4.2 Printed electronics requirements

Printed electronics has gained momentum in recent years, and it is predicted that by the mid-2020s, printed electronics will have a market of more than 300 billion U.S. dollars. The application of printed electronics technology to the printed circuit industry is a part of the printed circuit technology, which has become a consensus in the industry. Printed electronics technology is the closest to FPCB. Now PCB manufacturers have invested in printed electronics. They started with flexible boards and replaced printed circuit boards (PCB) with printed electronic circuits (PEC). At present, there are many substrates and ink materials, and once there are breakthroughs in performance and cost, they will be widely used. PCB manufacturers should not miss the opportunity.

The current key application of printed electronics is the manufacture of low-cost radio frequency identification (RFID) tags, which can be printed in rolls. The potential is in the areas of printed displays, lighting, and organic photovoltaics. The wearable technology market is currently a favorable market emerging. Various products of wearable technology, such as smart clothing and smart sports glasses, activity monitors, sleep sensors, smart watches, enhanced realistic headsets, navigation compasses, etc. Flexible electronic circuits are indispensable for wearable technology devices, which will drive the development of flexible printed electronic circuits.

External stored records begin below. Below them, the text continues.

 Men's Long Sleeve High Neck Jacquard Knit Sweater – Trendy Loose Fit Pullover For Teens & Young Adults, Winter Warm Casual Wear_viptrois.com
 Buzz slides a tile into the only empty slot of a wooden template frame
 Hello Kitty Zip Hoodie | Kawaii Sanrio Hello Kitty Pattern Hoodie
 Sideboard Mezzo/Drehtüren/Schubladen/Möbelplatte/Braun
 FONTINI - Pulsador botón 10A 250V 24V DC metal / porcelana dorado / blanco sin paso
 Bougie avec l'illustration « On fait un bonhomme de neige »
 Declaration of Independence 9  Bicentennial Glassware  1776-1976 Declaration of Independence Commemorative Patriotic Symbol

An important aspect of printed electronics technology is materials, including substrates and functional inks. Flexible substrates are not only suitable for existing FPCBs, but also higher performance substrates. At present, there are high-dielectric substrate materials composed of a mixture of ceramics and polymer resins, as well as high-temperature substrates, low-temperature substrates, and colorless transparent substrates. , Yellow substrate, etc.

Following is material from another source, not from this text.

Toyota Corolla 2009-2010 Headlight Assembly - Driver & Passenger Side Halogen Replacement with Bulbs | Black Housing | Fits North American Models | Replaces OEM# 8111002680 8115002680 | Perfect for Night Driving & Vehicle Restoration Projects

4.3 Requirements for embedded component boards

The embedded component printed circuit board (EDPCB) is a product that realizes high-density electronic interconnection, and the embedded component technology has great potential in PCB. Embedded component technology includes molding component embedding method and printed component embedding method. Printed components are divided into thick film components and thin film components. The production of thin-film components requires special substrates. For example, the copper foil of the copper-clad laminate contains nickel-phosphorus alloy foil in the lower layer for the production of thin-film resistors; the double-sided copper-clad laminate has a high-dielectric constant substrate for the production of planar capacitors to form an embedded passive component print. PCB.System board. There is also the development of polymer composite materials filled with ceramic powder, which have high dielectric constant, low dielectric loss at high frequencies, and thin dielectric layer thickness, which can be used to make PCB inner radio frequency capacitors. Embedded components are extended to the category of flexible printed boards, and polyimide copper clad laminates are also considered to be polyimide copper clad laminates for thin film components.

4.4 Other special needs

Now there is the development of laser direct component (LDS: Laser Direct Structuring) technology, which can be used to manufacture electronic circuit and component integrated model interconnection devices. The LDS process uses thermoplastic and metal oxide materials, which are formed by laser molding and circuit metallization. 3D printing technology is trying to be used in PCB manufacturing. Circuit patterns are not limited to two-dimensional planes but become three-dimensional components. This technology also requires thermoplastic polymer materials.

Emerging medical electronic equipment has begun to appear, some of which are implanted in the body, such as blood glucose sensing, diagnosis and treatment catheters, and cochlear implants. The PCB substrate used is a biologically inert substrate (PI or LCP). The selected conductor is stable pure precious metal (gold, platinum). The Internet of Things, smart homes, and smart cities have proposed that they will be a new growth point in the electronic information industry. Many new electronic devices will be equipped, and there will also be many new PCB and substrate requirements. It is necessary to prepare early and join in time.